■ **WORK ITEM**: Leave the pictures out and reproduce, exactly, the lines from the one with "Maison Exclusive - Cabecero" through the end of the entries below.

★ ★ ★

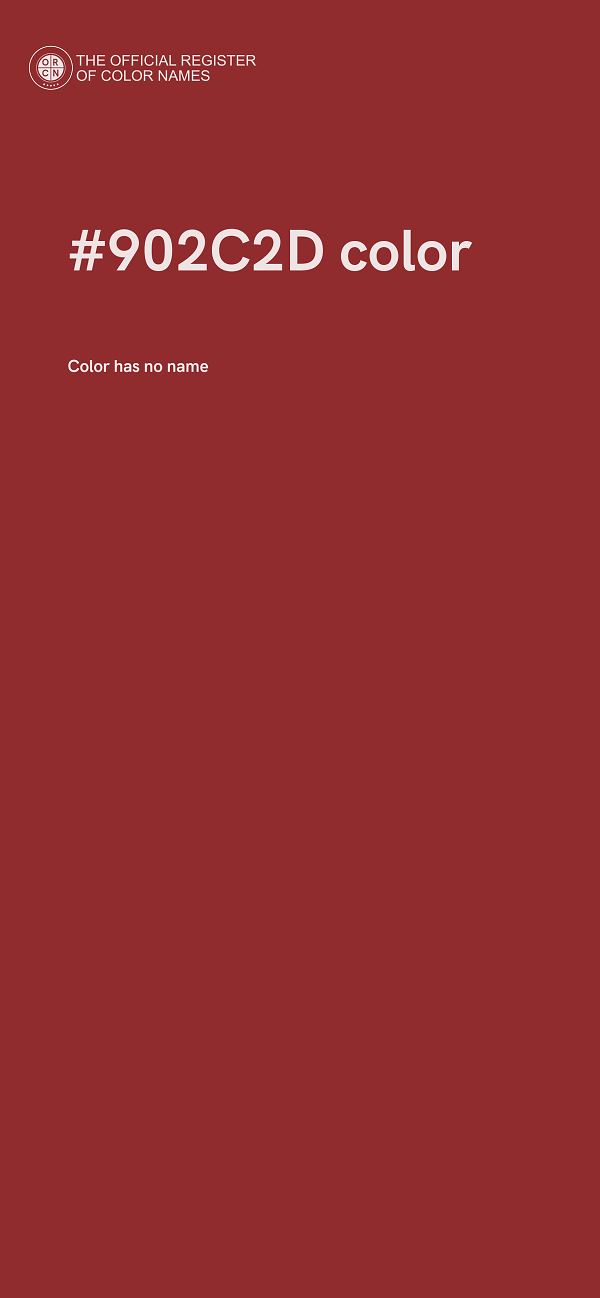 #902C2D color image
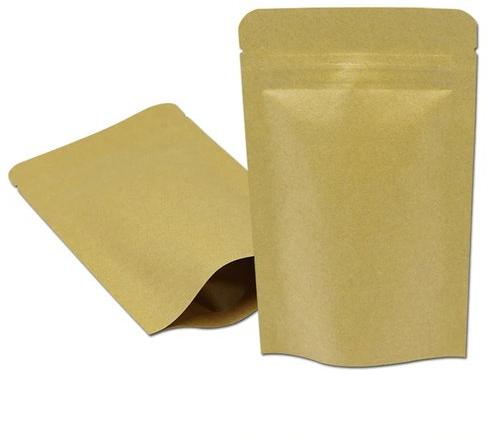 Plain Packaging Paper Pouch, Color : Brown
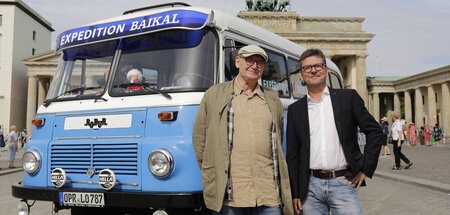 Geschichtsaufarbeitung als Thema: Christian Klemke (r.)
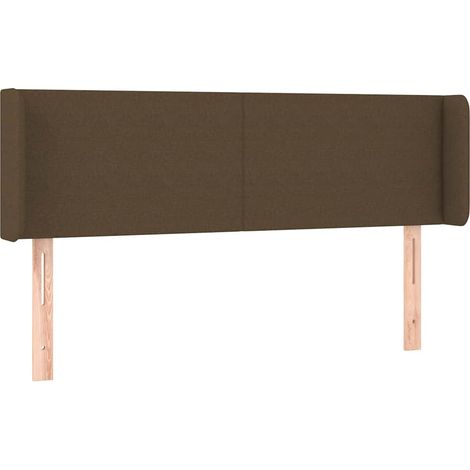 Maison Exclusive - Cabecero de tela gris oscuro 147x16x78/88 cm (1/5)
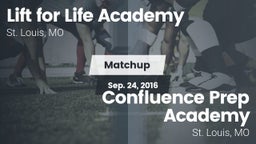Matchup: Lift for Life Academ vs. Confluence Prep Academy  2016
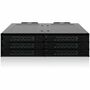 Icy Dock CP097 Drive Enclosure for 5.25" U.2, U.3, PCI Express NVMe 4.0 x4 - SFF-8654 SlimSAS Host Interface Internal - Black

★ ★ ★

■ **SOLVED PROBLEM**:
 Maison Exclusive - Cabecero de tela gris oscuro 147x16x78/88 cm (1/5)
Matchup: Lift for Life Academ vs. Confluence Prep Academy  2016
 Icy Dock CP097 Drive Enclosure for 5.25" U.2, U.3, PCI Express NVMe 4.0 x4 - SFF-8654 SlimSAS Host Interface Internal - Black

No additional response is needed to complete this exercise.